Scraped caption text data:

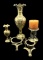 Assorted Brass Items: 16” H Vase, 8” H Vase,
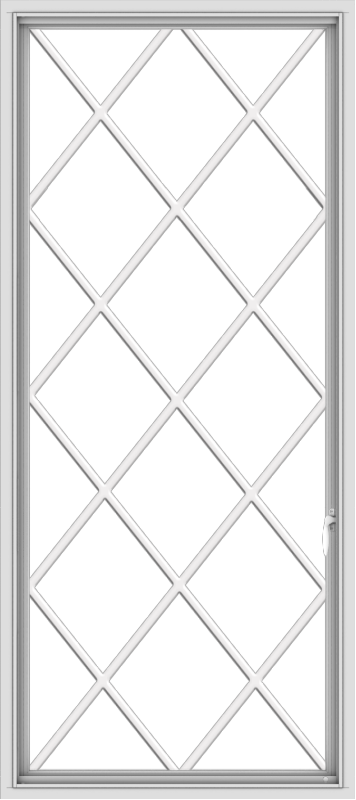 WDMA 32x72 (31.5 x 71.5 inch) White uPVC Vinyl Push out Casement Window without Grids with Diamond Grills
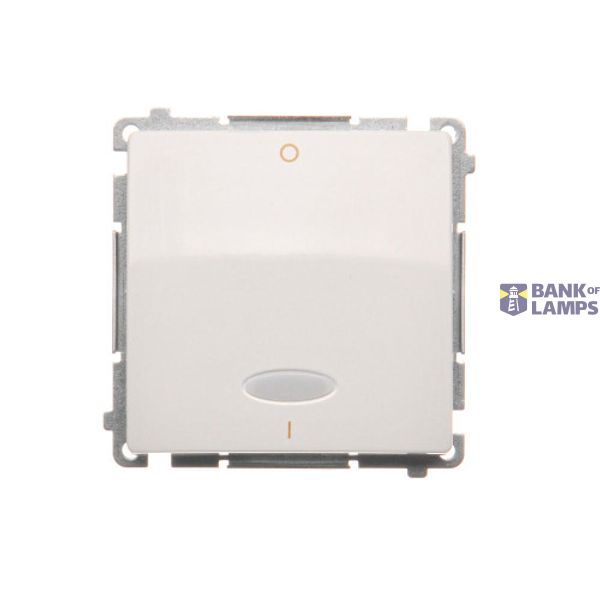 Double intermediate switch with indicator light, LED not replaceable Color: blue, (module), 10AX, quick connection, white image 1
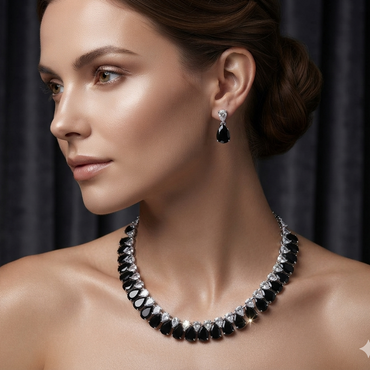 Teardrop Cluster American Diamond Choker Set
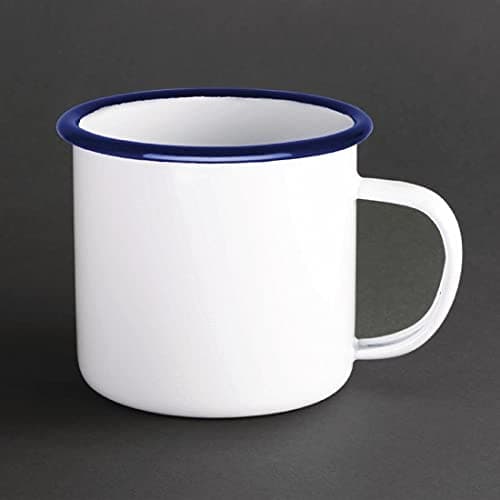 Image of Olympia Enamel Mug Made of Steel Heat and Chemical Resistant 350ml Pack of 6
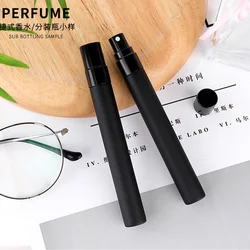 5ML 10ML taşınabilir buzlu sprey şişe Mini mat siyah parfüm Atomizer uçucu yağ sis püskürtücü boş kozmetik konteynerler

# YOUR INSTRUCTIONS:
Repeat exactly the lines from the one containing "Double intermediate switch" to the last line of the data above, both included, and write no pictures into the copy.

# WRITTEN REPLY:
 Double intermediate switch with indicator light, LED not replaceable Color: blue, (module), 10AX, quick connection, white image 1
 Teardrop Cluster American Diamond Choker Set
 Image of Olympia Enamel Mug Made of Steel Heat and Chemical Resistant 350ml Pack of 6
 5ML 10ML taşınabilir buzlu sprey şişe Mini mat siyah parfüm Atomizer uçucu yağ sis püskürtücü boş kozmetik konteynerler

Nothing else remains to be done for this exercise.